The little bucket was the conception of famed hot rodder and custom car builder, Norm Grabowski. The original version sported a blown ’52 caddy engine and a combination of body panels. He mated a ’31 Model A body to the front end of a ’22 Model T Touring body and brought up the rear with a pickup bed from a Model A. Later on, the bucket T was modified by swapping out the blower for four Stromberg carbs and altering the side exhaust from a tractor-style straight up design to the tucked-in chrome pipes that follow the bed rails rearward. This is the way DM rendered the car – in all its definitive period glory. Essentially red, white and blue, the diminutive hot rod exudes substantial charm.

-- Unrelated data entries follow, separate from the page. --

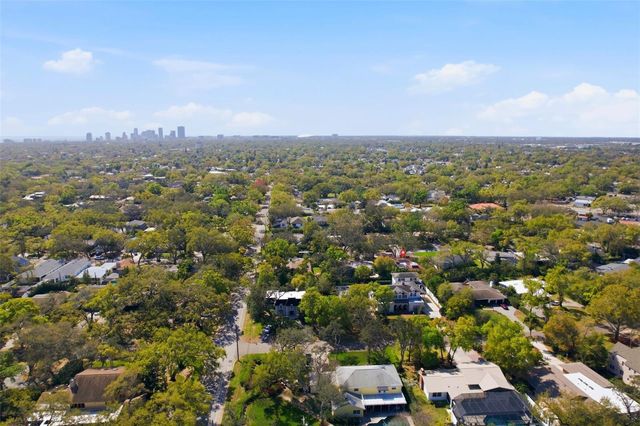 1239 43RD AVENUE N, St Petersburg, FL 33703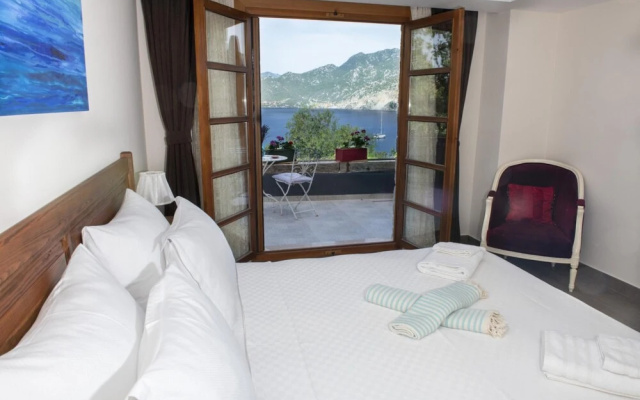 Cozy Room With Mesmerizing View in Selimiye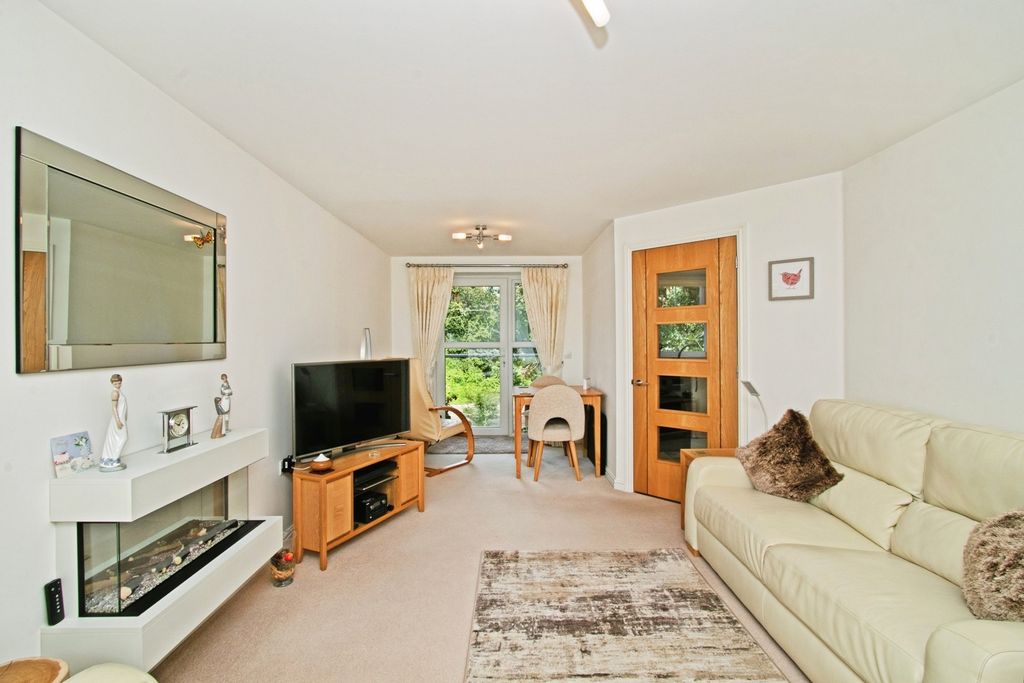 Property photo 2 of 16 Photo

Danbury took pains in getting everything right and it serves my old dusty memory well to see it again. They also crafted the hell out of the details. Just look at the fuel lines and spark plug wires. Set eyes on the photo-etched grillwork, pin stripes, front suspension pieces, the intricacy of the exhaust system. It is superbly delicate, accurate and detail-exacting. The interior features Norm’s skull head shift knob, the steering wheel floor boot, pinstriped dash with wood veneered dash top. And wait until you see the chassis assembly. The emergency brake and fuel line craftsmanship is marvelous and the ’56 Dodge Royal Blue paint is over-the-top! It’s bright, shiny and full of scaled pinstriping in red and white.
DM has been the master in creating hot rod and custom treasures for us collectors. I’m a big fan of their fantasy issues but maybe even a bigger fan of their genuine historically famous recreations. Thanks to them nostalgia is alive and well and preserves our cherished automotive dreams and remembrances.